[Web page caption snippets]
◆ ◆ ◆ ◆
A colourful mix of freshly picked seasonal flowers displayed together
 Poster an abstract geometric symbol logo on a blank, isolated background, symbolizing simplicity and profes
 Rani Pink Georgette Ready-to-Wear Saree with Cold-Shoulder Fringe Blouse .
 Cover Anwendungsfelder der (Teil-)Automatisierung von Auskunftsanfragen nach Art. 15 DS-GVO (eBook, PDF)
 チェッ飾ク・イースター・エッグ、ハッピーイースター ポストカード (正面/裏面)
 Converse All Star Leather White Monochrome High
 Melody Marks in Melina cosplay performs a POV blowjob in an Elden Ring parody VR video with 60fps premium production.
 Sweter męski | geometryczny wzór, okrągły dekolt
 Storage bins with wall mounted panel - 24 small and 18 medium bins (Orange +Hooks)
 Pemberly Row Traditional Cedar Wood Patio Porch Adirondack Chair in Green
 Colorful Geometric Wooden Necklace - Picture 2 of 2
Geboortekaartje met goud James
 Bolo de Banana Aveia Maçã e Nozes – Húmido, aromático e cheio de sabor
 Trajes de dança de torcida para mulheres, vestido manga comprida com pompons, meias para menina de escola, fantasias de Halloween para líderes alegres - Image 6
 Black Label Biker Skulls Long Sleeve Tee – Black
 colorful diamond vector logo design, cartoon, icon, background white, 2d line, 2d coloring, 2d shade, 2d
◆ ◆ ◆ ◆
Filter the records above down to the lines that hold the string "logo".

 Poster an abstract geometric symbol logo on a blank, isolated background, symbolizing simplicity and profes
 colorful diamond vector logo design, cartoon, icon, background white, 2d line, 2d coloring, 2d shade, 2d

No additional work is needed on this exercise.